The people in this group who are dying would likely oppose my positions on gun policy. They would likely be in the minority of the polling groups reported by Pew in the report cited above.
Suicide is the 10th leading cause of death in America. More than 47,000 people committed suicide here in 2017. 70% of them are white men. And to further narrow it down, the leading age group among those white men are those 46-64.
Have you ever been to a gun show or an NRA convention like the one Indianapolis just hosted? This is who is there.
While still nauseated by the murders at Virginia Beach this week, I found myself reading an in-depth piece in Rolling Stone titled “All-American Despair,” written by my friend, Stephen Rodrick. This one focuses on suicide in the American West. Again, for those inclined to be enraged by my suggestion that our culture do something, anything, to try and turn the tide on our gun violence problem, please read this story. If you are a white man, between the age of 46 and 64, read it twice.

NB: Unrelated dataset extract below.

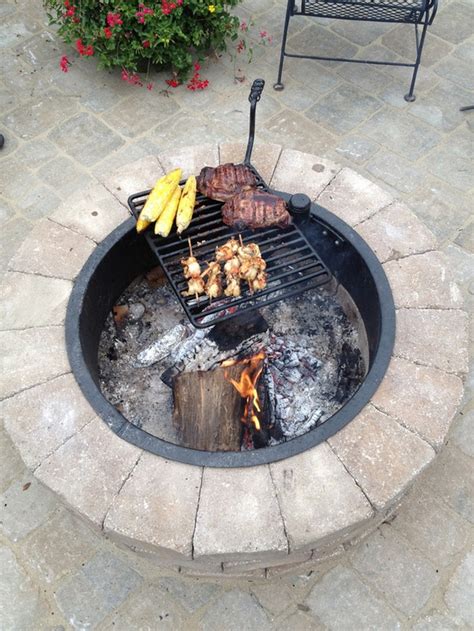 An Efficient Fire Pit With A Cooking Grill In Your Backyard Your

The largest number of those killed by a bullet each year in America do so via suicide. The guns being used are not stolen. They are being bought legally, often obsessively, by people who shouldn’t have them.
Gun control is not about inconveniencing Americans for me. It is about saving lives. Even the lives of those who tirelessly advocate for the right to buy a product that they eventually use on themselves to die.
Rodrick writes: “…the men who survived suicide attempts had one thing in common: They didn’t use guns. Pills can be vomited, ropes can break, but bullets rarely miss.”
A great America would do something about this. Even when the most vulnerable object.